Revenons au titre de cet essai introductif : Événement et stratégie révolutionnaire.
Ce qui fait de la Commune bien autre chose qu’un accident de l’Histoire, c’est aussi sa postérité et le fait qu’elle se pose dans le mouvement ouvrier comme un nouveau départ qui, selon SK, « redistribue les cartes et déplace les clivages en fonction des positionnements adoptés face à cette expérience aussi inédite que polarisante ». Cette redistribution des cartes va d’abord commencer, au sein même de l’Internationale, par la sécession des syndicalistes britanniques. Mais c’est dans la cristallisation des positions respectives des marxistes et des anarchistes que les conséquences seront les plus durables sur le mouvement ouvrier mondial. Sur l’État, la stratégie révolutionnaire, l’action politique et électorale, la question de la violence, les textes présentés par le recueil et les explications fournies par SK permettent de comprendre la nature des clivages. L’auteur prend position, bien sûr, par exemple ici : « Pour être mené à bien, un processus révolutionnaire a besoin d’une orientation et d’une direction qui la mette en œuvre, et l’une comme l’autre ne peuvent exister sans établir des rapports d’autorité, fussent-ils démocratiquement réglés. Les moyens ne peuvent être une simple préfiguration des fins car ils doivent prendre en compte les contraintes posées par les rapports de domination existants. »

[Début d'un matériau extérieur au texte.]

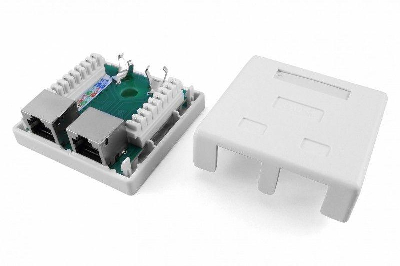 Розетка компьютерная 2-м ОП Dual IDC SB1-2-8P8C-C5e-SH-WH RJ45 (8P8C) кат.5E экранир. Hyperline 430233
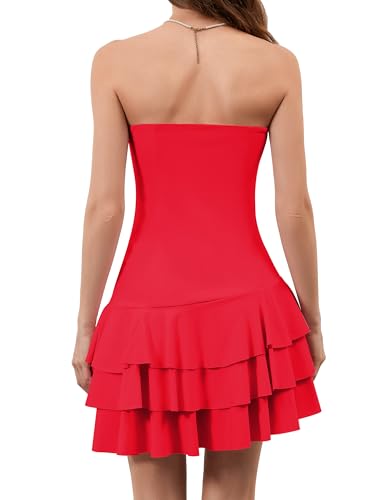 Image of Meladyan Women's 2025 Summer Strapless Tube Dress Sexy Off Shoulder Ruffle Tiered Flowy Mini Dresses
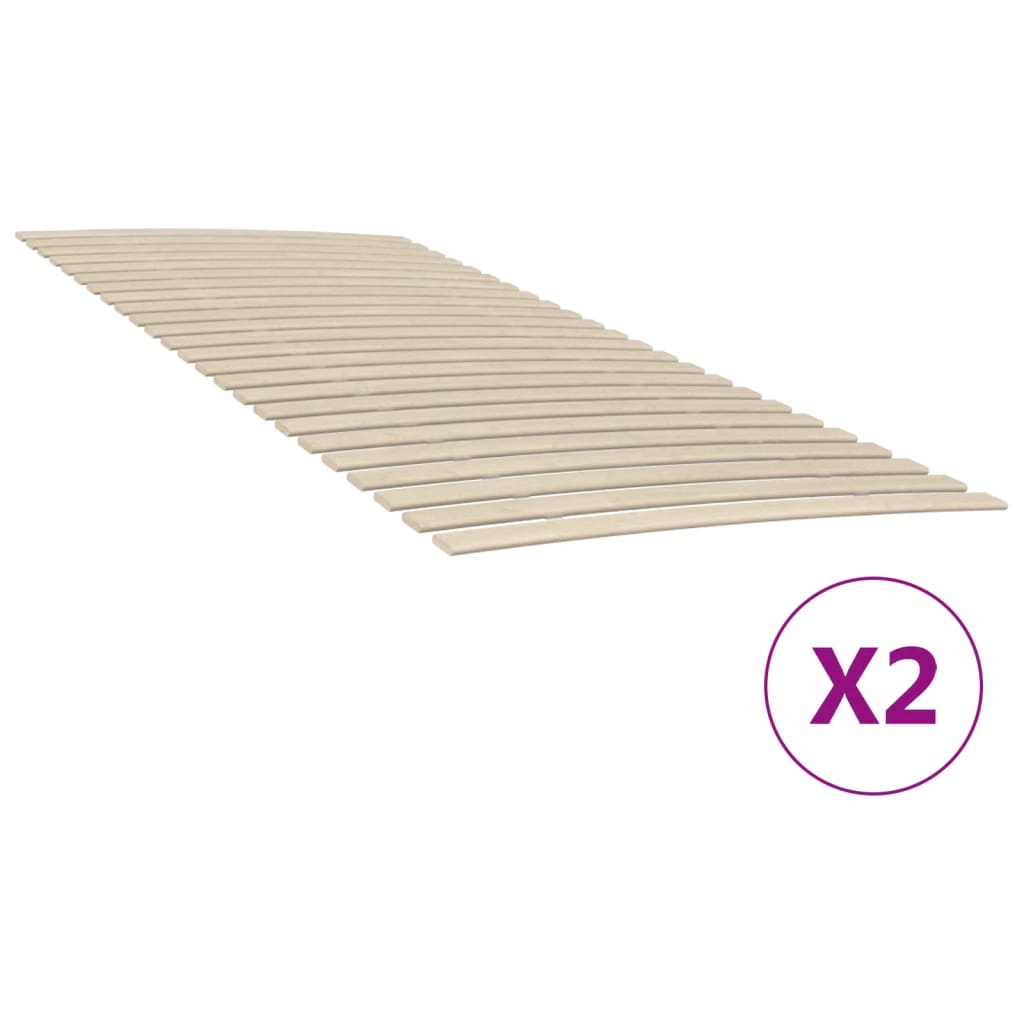 Bed Slats Replacements with 48 Slats 2 pcs 100x200 cm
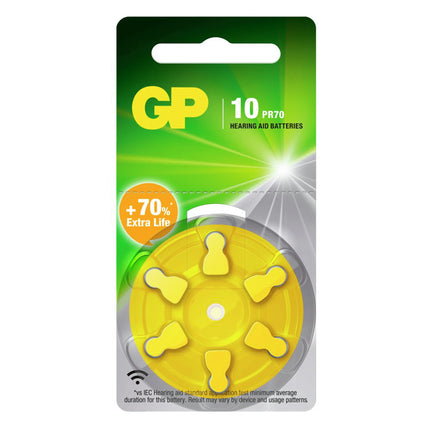 GP Zinc air 10 | PR70 | Yellow - Multipack - 6 Pieces - Button cell image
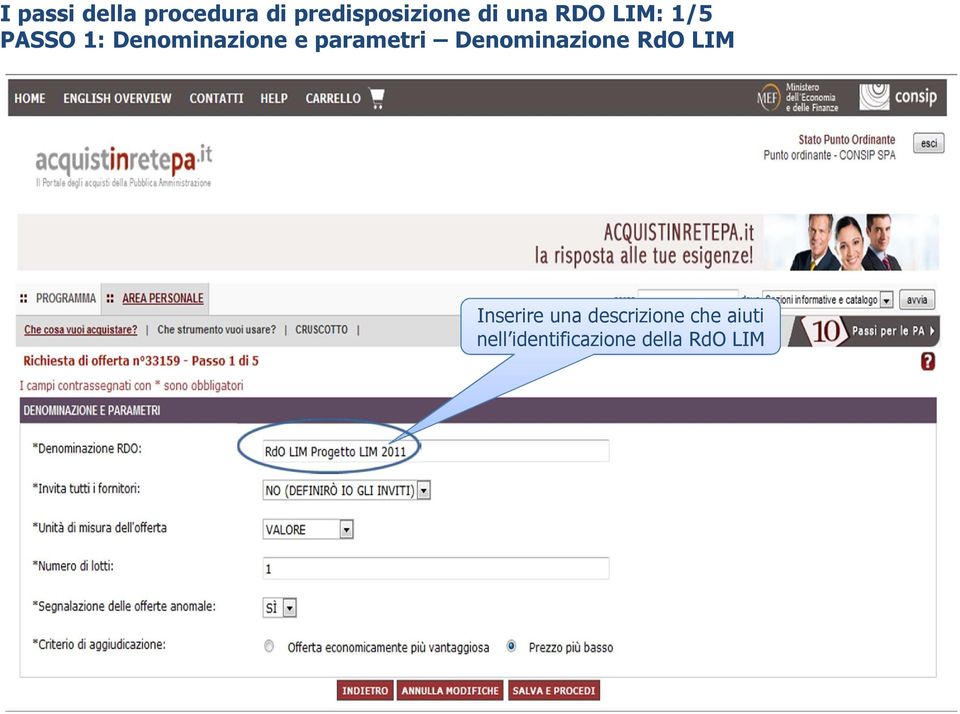 parametri Denominazione RdO LIM Inserire una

Face à l’évènement, le talon d’Achille de la Commune fut, pour l’auteur, l’incapacité à saisir le moment juste. De là les réflexions de Marx dans son courrier au dirigeant socialiste allemand Wilhelm Liebknecht, où il souligne l’occasion manquée en ne marchant pas immédiatement sur Versailles. Occasion manquée, aussi, avec les scrupules à se saisir des réserves de la Banque de France, « ne serait-ce qu’en tant qu’arme de négociation », précise SK. La Commune a certainement pâti d’une absence de direction, mais le temps de la révolution n’est pas linéaire, les contretemps en sont la réalité vivante. « Dans les révolutions, il n’y a pas de lendemain, c’est toujours l’inconnu », écrit Victorine Brocher, piqueuse de bottines, militante de l’AIT et combattante de la Commune.
Philippe Campos
[1]1. Rappelons que La Guerre civile en France est un texte publié à la demande et sous la signature du conseil général de l’AIT. Marx l’a écrit entre le 6 et le 30 mai, et la version finale est rédigée pendant la Semaine sanglante …
[2]. Toutes choses d’ailleurs qu’on retrouve aujourd’hui, sous une forme renouvelée, avec les changements intervenus depuis une trentaine d’années dans l’organisation du travail.